How to Get to Mandalay
I arrived in Mandalay by plane (the main airport is about 40 minutes from the city). You can also arrive by bus, train, or even slow boat if you are arriving from Bagan. Coming by plane was very easy although I will admit I was very overwhelmed when I arrived into the arrivals section on the airport and met with dozens of taxi drivers all trying to get my business.
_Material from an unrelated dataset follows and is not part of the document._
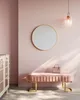 A pink room with a round mirror, a pink bench with a handbag on it, and a cabinet on the left. Produktbild-Vorschau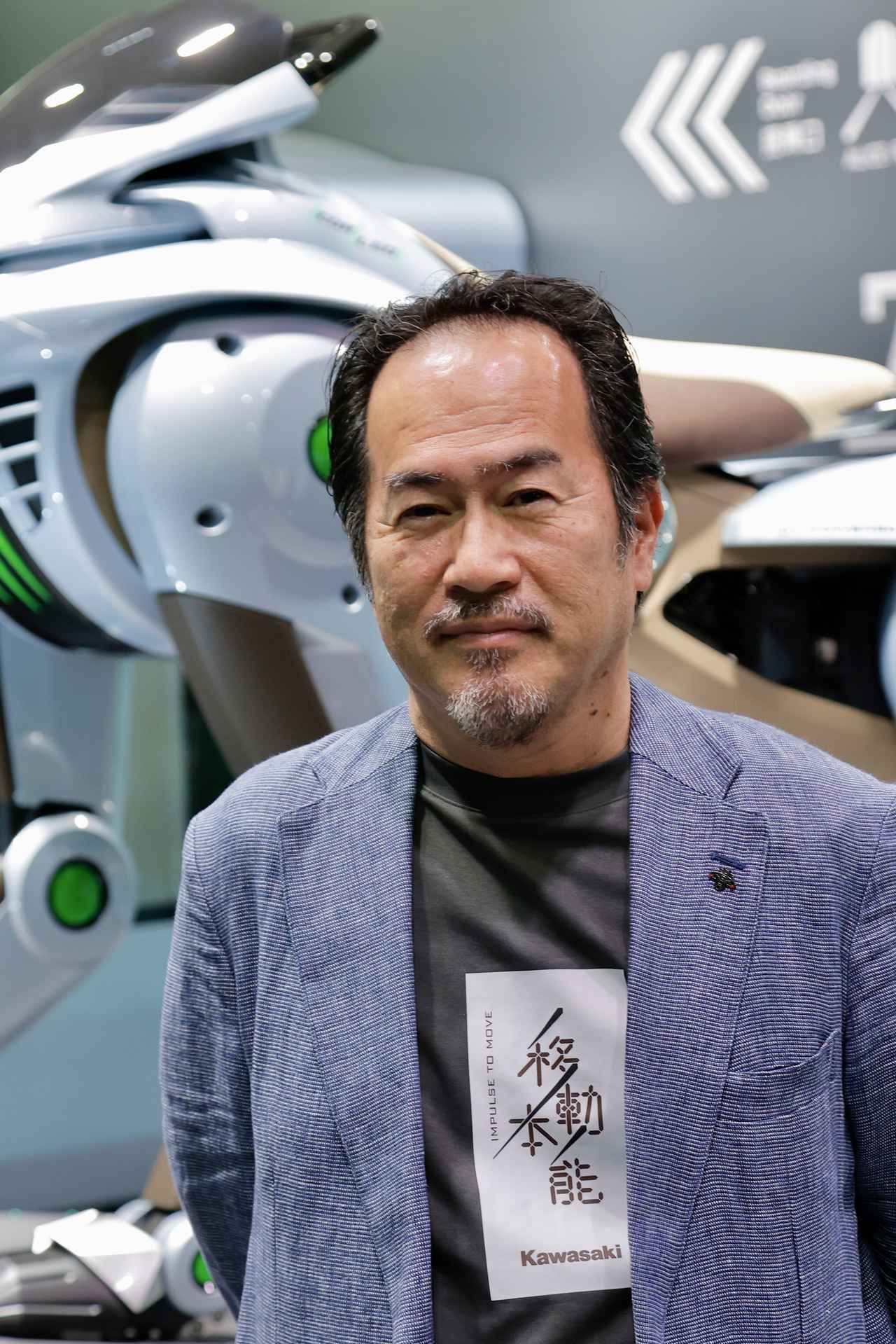 画像: 福本圭志氏 元川崎重工業モーターサイクル&エンジンカンパニー技術本部デザイン部長。「大阪・関西万博」で川崎重工グループが出展したコンセプトモデルの「CORLEO」のデザイン担当でもあり、今回は『H2Rのつくり方』を講演。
While I wouldn’t describe them as aggressive, they were very persistent. I ended up joining a group of three other backpackers and finally yelling “WHO CAN OFFER ME THE BEST DEAL” to find out driver. It seemed like the easiest option when everyone was yelling the same price. The first guy who went lower, we went with. So, based on my experience, I would say don’t be afraid to haggle for your taxi fare. Just make sure you come to an agreement ahead of time.
Where to Stay in Mandalay
When I visited there was no real ‘good’ area to stay in Mandalay. I found the city to be quite spread out and, as I will discuss below, easiest to explore by hiring a guide or driver. With that being said, you still need somewhere to sleep so here are a few places to consider depending on your budget.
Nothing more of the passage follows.